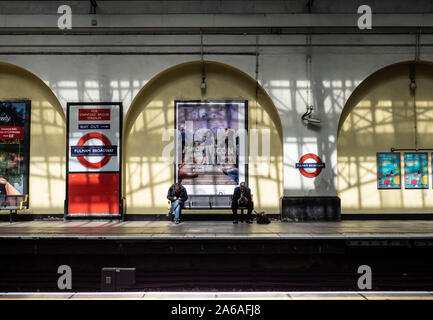 Fulham Brodway, Londra: 14 maggio 2019: persone attendere il treno sotterraneo nel Regno Unito. Londra del sistema è la più antica ferrovia sotterranea nel mondo, dating Foto Stock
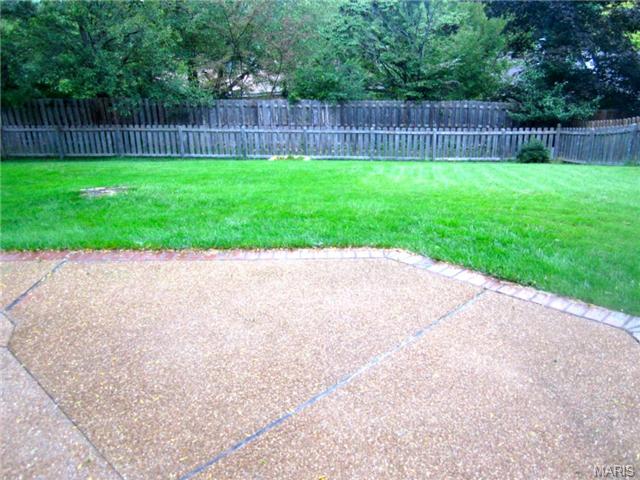 1703 Warmington, Ballwin, MO 63021 photo 31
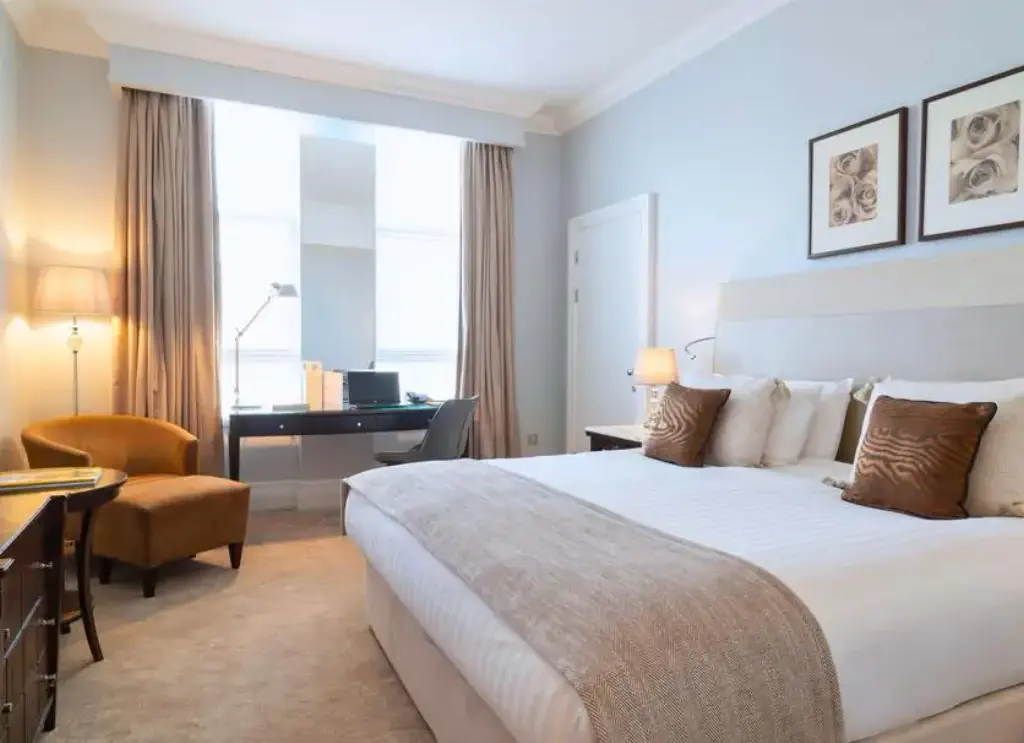 London Bridge Hotel provided by Leonardo.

Exercise description: The required output is an exact copy of the lines from the one with "1703 Warmington, Ballwin, MO 63021 photo 31" through the final line of the data above, with pictures removed.

Output for this task:
 1703 Warmington, Ballwin, MO 63021 photo 31
 London Bridge Hotel provided by Leonardo.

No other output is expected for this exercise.